Unable to run Inference on Tensorflow Hub models that do not support batching with Triton InferServer

user109280 · December 28, 2021, 9:12am

• Hardware Platform (Jetson / GPU) GPU
• DeepStream Version 6.0
• TensorRT Version 8.0.1
• NVIDIA GPU Driver Version (valid for GPU only) 440.33.01

**• Steps to reproduce the issue **

Create a container from the image : ‘nvcr.io/nvidia/deepstream:6.0-triton’ using the below command sudo docker run -it --gpus all -p 8554:8554 -w /opt/nvidia/deepstream/deepstream-6.0
Unzip the attached folder in the current working directory (deepstream-6.0).
Go to efficientdet folder.
Run the following command python3 main.py file:///opt/nvidia/deepstream/deepstream-6.0/efficientdet/data/sample_720p.h264
The screenshot of the error is attached.
Note : We are facing this problem with tensorflow models that do not support batching, whereas with models that support dynamic batching this problem disappears.
efficientdet.zip (45.2 MB)

user109280 · January 5, 2022, 4:05am

Any update regarding this issue?

kayccc · January 11, 2022, 3:10am

Sorry for the late response, we will do the investigation to have the update soon. Thanks

user109280 · January 11, 2022, 3:39am

Ok. Awaiting for your response!

Fiona.Chen · January 19, 2022, 1:52am

Please refer to NVIDIA-AI-IOT/deepstream_tao_apps: Sample apps to demonstrate how to deploy models trained with TAO on DeepStream (github.com)
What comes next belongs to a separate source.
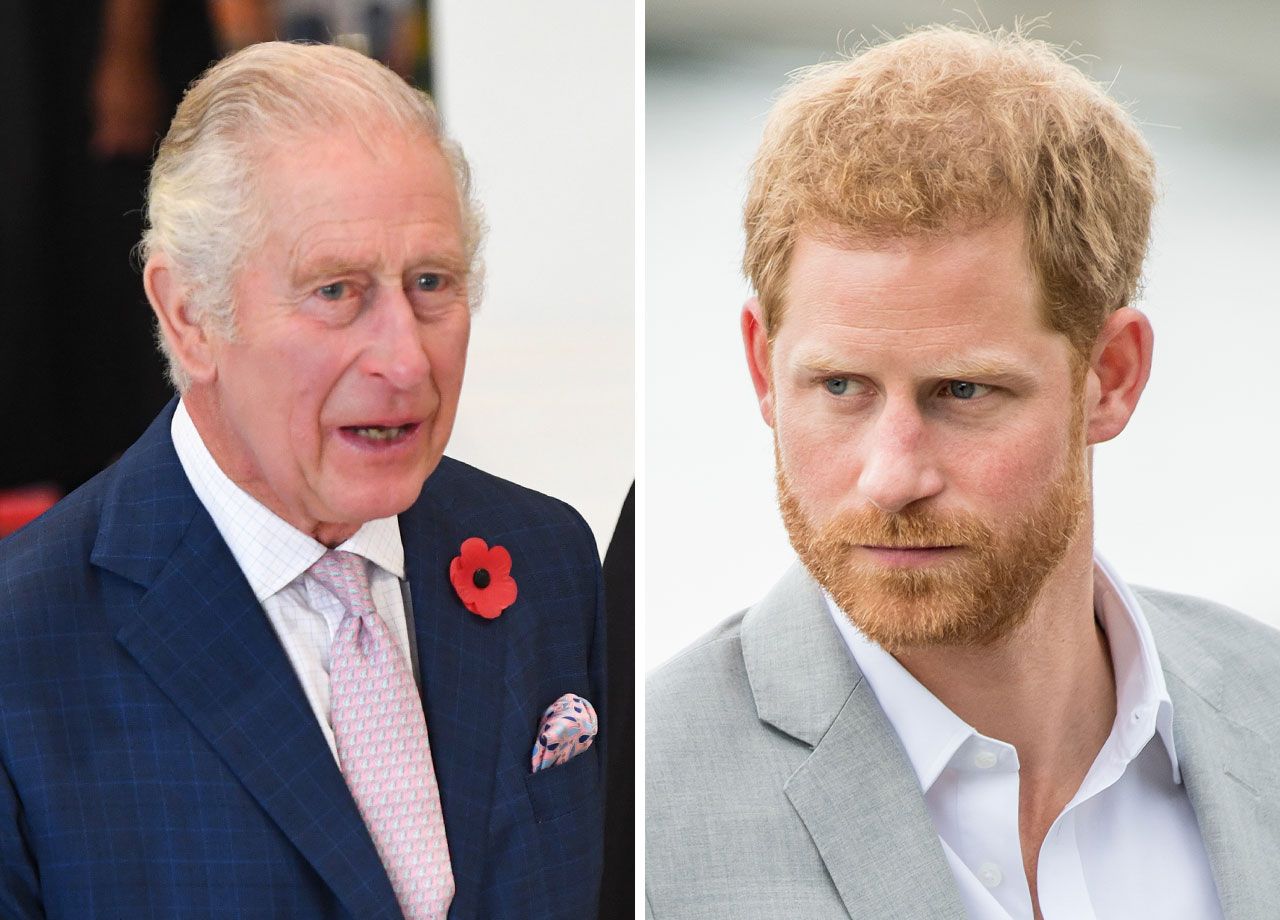 prince harry king charles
user109280 · January 19, 2022, 6:12am

Thanks for the update.
But we want to deploy any TensorFlow 2 hub Model ( Not only efficientdet ) using triton-inferserver ( nvinferserver ). We observed Models that don’t support batching cannot be deployed with triton-inference.
We would appreciate any help in this regard. Thanks!

user109280 · January 28, 2022, 6:14am

Any updates ?